The second working definition of discourse applied is that a group of statements forming a discourse shape and are also rooted in and (re)produced by our institutions and their practices (Foucault 1990). Thus, I saw the Co-op and other standard WIL models as institutional arrangements that embody and reproduce the messages of the theory–practice terminology and its key ideas. For instance, through the decisive embodiment of the idea that you study an abstract knowledge called ‘theory’ on campus and carry out concrete work called ‘practice’ on work placements, these models imply to students that what is taught on campus and during placements are very different things.

Furthermore, inspired by Foucault (1990), I saw and examined power as a productive force that in various shapes, for instance in the form of an assumption, operates through and underlies how we (people) speak about a topic.

This section will now describe how I conducted the genealogical discourse analysis with the intention of problematising how the WIL discourse continues to ascribe a dualistic meaning to graduate employability (see Foucault 1984, who argued that the aim of a genealogical discourse analysis is to problematise how a figure, such as an idea, is discussed at present). As such a discourse analysis starts with the present, I began by examining the contemporary documents on Co-op and applying in this examination a few interrelated analytical processes.

First, I read through the documents several times and took notes of (a) how they used concepts such as theory and practice, academia and real world, and study and work as opposite terms to describe how Co-op creates employable graduates and (b) what these descriptions mean by employable graduates. Based on these notes, I looked through the documents to discern accounts (descriptions) of how graduate employability is created that were not only common there, but that also reflected how WIL in general and not just Co-op is emphasised as a way of fostering graduate employability in contemporary research. I did this to identify accounts that are typical of the general WIL discourse and not specific for statements about Co-op. Two such accounts emerged. By looking into the characteristics of graduate employability in these accounts, I determined that one took on an antagonistic approach and the other, a harmonious one. I also explored how and why the antagonistic account could be said to merely contribute to creating the so-called theory–practice gap for students, and how and why the harmonious account could be seen to both contributing to the creation and bridging of this gap.
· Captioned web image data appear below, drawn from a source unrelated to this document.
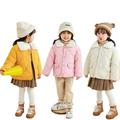 Godderr 1-7Y Baby Boys Girls down Jackets Winter down Coats Kids Lightweight with Pocket Warm Cotton Coat Fall Winter Thickening Snowsuit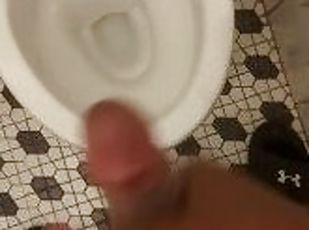 Sneaking in bathroom to masturbate
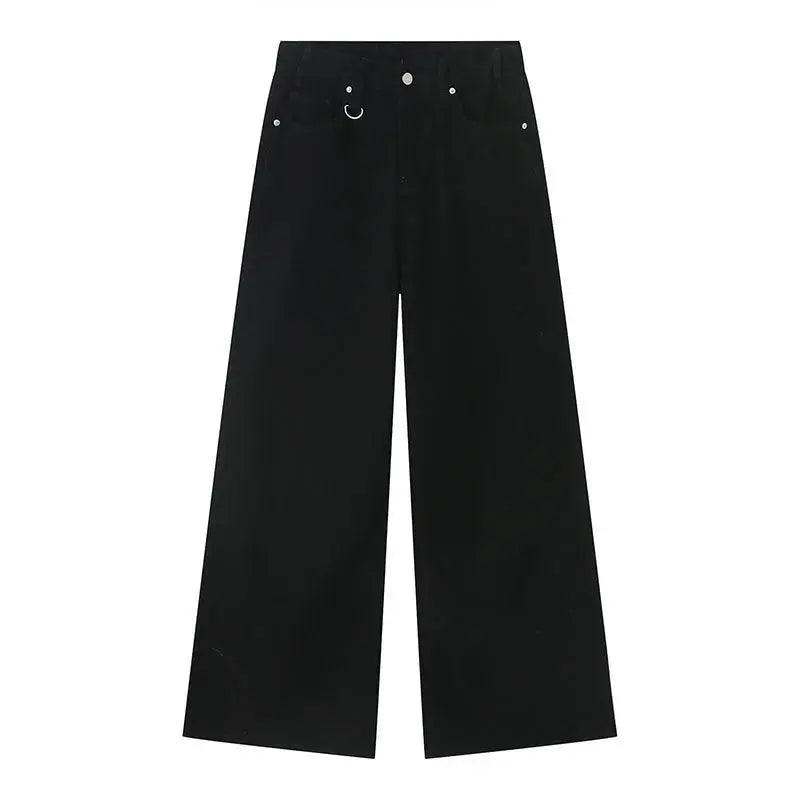 BAGGY BLACK DENIM JEANS UNISEX SOFT DENIM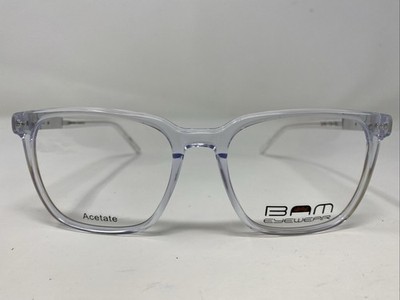 BAM Eyewear BAM 109 CRYSTAL 60-20-150 Plastic Full Rim Eyeglasses Frame CC19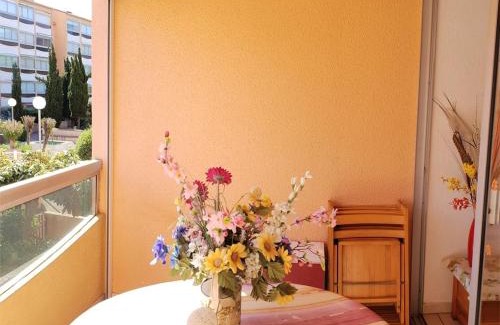 Plage d'Argeles Apartment | Studio Cabine avec Piscine à 200m Plage - 4 Couchages, Parking Privatif, Argelès-sur-Mer - FR-1-388-20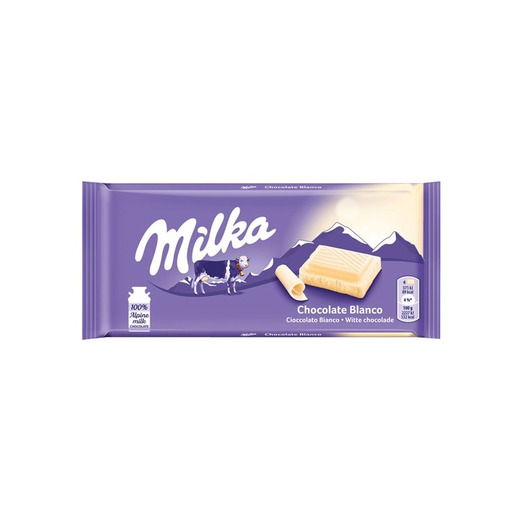 Milka chocolate branco 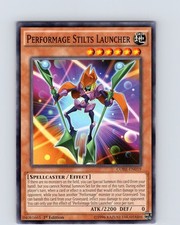 Yu-Gi-Oh TCG Performage Stilts Launcher CORE-EN019 1st Edition Common Card NM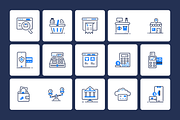 120 Digital Business Line Icons, an Outline Icon by Vectors Market (Thumbnail 8 of 10)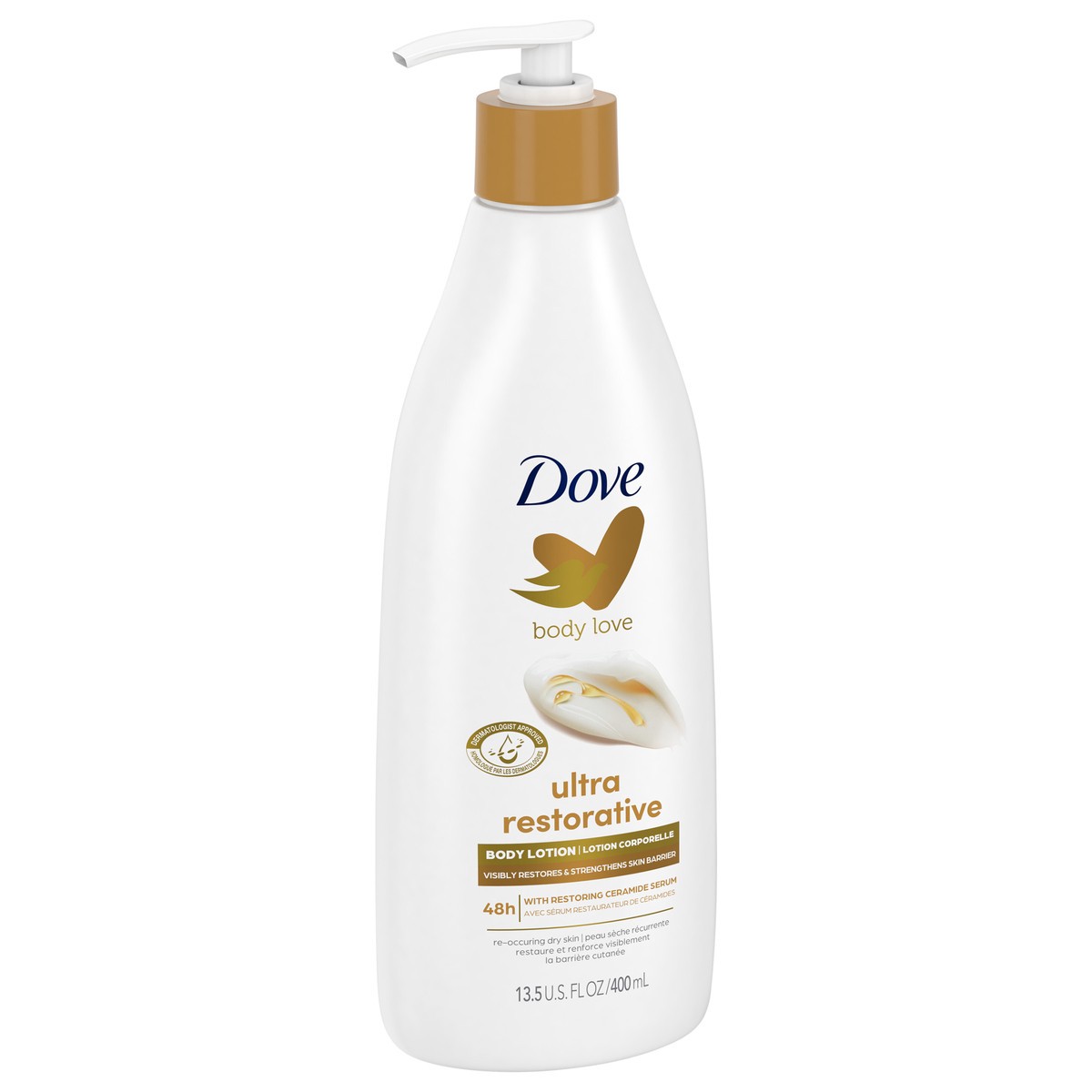 slide 2 of 9, Dove Body Love Ultra Restorative Lotion, 13.5 oz, 13.5 oz
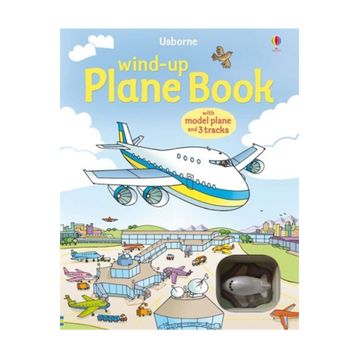 Wind Up Plane Book-Usborne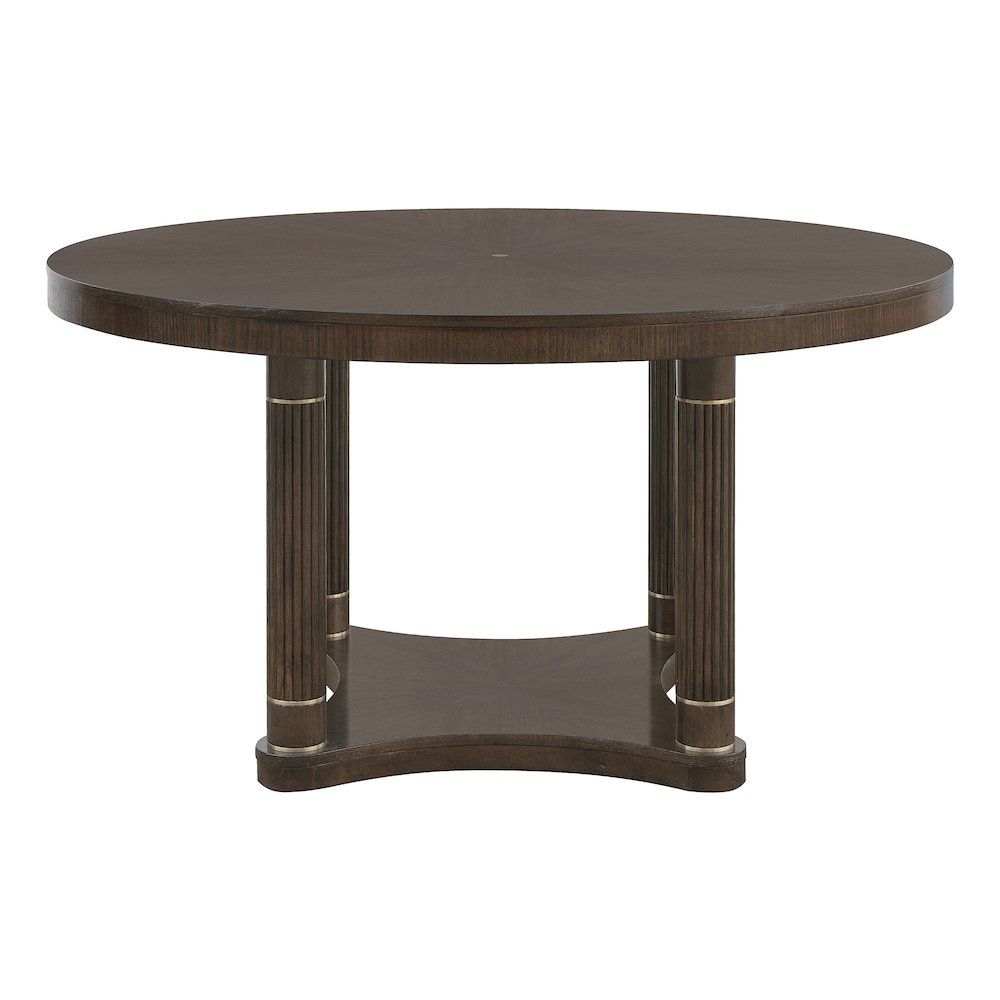 Pulaski Asher Park Piano Brown Round Dining Table. Picture 2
Furthermore, according to the Foucauldian view that power is a productive force that underlies discourse, I investigated whether and, if so in what ways, there are productive forces, such as assumptions, that underlie these accounts. It was also in connection with the analytical processes previously mentioned that I selected several quotations that belong to the antagonistic and the harmonious accounts.

My next step was to examine the past documents. Since a key focus of genealogical discourse analysis is the comparison of past and present interpretations of a current idea such as graduate employability (Dahlstedt and Fejes 2017), the analysis of these documents focused on two things: to examine whether the antagonistic and harmonious accounts discerned in the present documents also mirrored the accounts of the dualistic interpretation of graduate employability common in the past documents and, if so, whether these accounts have the same characteristics in the present and past documents. It was determined that these accounts mirrored the accounts of this interpretation common in the past documents and that they had the same characteristics in the present and the past documents. Based on this, I selected several past quotations that illustrate these characteristics, and the following results section outlines present and past quotations belonging to the antagonistic and the harmonious accounts.

Results

In the documents I studied, both accounts generally adopt a work readiness interpretation of graduate employability. This interpretation defines an employable graduate as a graduate who is ready for daily professional work, which here means the daily expert work of an occupation that an individual must train for to be ready for such work. The ‘Results’ section outlines quotations of these accounts that adopt such an interpretation. Thus, in this section, the term employable graduate is used according to the above stated meaning and graduate employability has the meaning of readiness for daily professional work. Such quotations are outlined because they are common in empirical material and because, in the discussion, I intend to problematise how the said work readiness interpretation is linked to the dualistic meaning that the WIL discourse ascribes to graduate employability. The two accounts of graduate employability are presented separately and are respectively called the antagonistic practice acclaiming account and the harmonious theory and practice account. I start by outlining contemporary quotations to illustrate that current key characteristics of these accounts can be traced back in time and have, over the years, reproduced the dualistic meaning ascribed to graduate employability.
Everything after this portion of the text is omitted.